PROBLEM STATEMENT: From the data below, copy out every line in which the word "dinner" occurs.
----- DATA FOR THE TASK -----
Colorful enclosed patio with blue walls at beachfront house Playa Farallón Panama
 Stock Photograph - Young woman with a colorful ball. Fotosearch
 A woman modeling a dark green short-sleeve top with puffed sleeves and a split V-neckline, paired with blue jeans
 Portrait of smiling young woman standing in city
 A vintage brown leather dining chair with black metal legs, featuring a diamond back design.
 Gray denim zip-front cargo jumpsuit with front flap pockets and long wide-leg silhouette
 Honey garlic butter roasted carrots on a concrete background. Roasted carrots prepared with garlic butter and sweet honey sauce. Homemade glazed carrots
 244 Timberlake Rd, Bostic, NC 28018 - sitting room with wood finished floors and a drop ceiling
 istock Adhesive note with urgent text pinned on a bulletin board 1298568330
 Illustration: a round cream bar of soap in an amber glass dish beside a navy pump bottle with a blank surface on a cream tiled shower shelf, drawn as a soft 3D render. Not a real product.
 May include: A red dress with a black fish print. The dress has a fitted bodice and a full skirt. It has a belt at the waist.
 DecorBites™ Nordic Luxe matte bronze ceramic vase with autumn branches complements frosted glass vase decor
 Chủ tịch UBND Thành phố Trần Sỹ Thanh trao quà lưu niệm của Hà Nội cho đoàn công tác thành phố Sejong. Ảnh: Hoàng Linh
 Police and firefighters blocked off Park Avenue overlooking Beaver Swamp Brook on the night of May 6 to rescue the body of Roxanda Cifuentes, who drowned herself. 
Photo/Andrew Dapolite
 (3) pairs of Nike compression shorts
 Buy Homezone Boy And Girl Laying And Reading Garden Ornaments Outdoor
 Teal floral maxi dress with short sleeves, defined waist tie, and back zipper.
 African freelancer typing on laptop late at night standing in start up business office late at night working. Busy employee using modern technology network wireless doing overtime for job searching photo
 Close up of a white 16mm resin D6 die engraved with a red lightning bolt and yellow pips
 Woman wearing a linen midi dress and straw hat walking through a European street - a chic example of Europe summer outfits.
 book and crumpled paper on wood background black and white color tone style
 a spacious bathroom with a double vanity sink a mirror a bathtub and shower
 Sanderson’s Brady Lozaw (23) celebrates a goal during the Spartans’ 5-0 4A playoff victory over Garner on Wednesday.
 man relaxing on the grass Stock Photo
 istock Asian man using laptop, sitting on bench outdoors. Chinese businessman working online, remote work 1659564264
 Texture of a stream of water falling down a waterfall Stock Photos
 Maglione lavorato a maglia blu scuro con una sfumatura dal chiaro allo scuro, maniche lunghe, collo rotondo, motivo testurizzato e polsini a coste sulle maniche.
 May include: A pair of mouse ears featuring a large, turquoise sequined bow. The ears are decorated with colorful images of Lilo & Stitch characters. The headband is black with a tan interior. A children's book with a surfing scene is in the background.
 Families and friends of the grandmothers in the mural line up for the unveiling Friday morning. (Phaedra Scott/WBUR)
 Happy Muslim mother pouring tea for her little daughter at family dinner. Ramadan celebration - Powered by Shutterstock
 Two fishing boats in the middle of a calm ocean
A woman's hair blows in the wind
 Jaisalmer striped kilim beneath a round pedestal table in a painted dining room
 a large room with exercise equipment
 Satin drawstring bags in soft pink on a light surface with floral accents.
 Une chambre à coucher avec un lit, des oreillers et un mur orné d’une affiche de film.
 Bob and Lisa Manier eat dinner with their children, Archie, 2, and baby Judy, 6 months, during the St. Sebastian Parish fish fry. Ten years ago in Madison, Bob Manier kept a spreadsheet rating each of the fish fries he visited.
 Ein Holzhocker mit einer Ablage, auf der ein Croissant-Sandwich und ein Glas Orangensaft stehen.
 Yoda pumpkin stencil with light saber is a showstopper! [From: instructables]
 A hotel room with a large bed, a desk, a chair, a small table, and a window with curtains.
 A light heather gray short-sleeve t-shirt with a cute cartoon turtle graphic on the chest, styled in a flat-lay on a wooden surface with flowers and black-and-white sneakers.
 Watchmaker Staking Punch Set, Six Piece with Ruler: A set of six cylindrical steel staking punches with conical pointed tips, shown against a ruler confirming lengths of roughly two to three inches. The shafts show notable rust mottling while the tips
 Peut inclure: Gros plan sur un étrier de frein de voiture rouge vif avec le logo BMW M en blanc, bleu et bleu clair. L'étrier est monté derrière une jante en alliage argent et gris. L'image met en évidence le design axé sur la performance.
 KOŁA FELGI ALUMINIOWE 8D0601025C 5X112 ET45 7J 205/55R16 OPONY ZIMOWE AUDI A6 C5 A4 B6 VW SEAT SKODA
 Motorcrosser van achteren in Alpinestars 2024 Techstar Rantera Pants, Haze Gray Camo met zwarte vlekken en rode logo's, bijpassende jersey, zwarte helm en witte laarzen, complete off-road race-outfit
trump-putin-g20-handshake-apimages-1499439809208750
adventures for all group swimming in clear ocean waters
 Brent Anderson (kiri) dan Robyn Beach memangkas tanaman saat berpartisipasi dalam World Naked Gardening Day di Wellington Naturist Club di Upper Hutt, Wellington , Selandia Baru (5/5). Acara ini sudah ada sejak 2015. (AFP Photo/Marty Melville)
-----
SOLUTION TO THIS EXERCISE:
 Happy Muslim mother pouring tea for her little daughter at family dinner. Ramadan celebration - Powered by Shutterstock
 Bob and Lisa Manier eat dinner with their children, Archie, 2, and baby Judy, 6 months, during the St. Sebastian Parish fish fry. Ten years ago in Madison, Bob Manier kept a spreadsheet rating each of the fish fries he visited.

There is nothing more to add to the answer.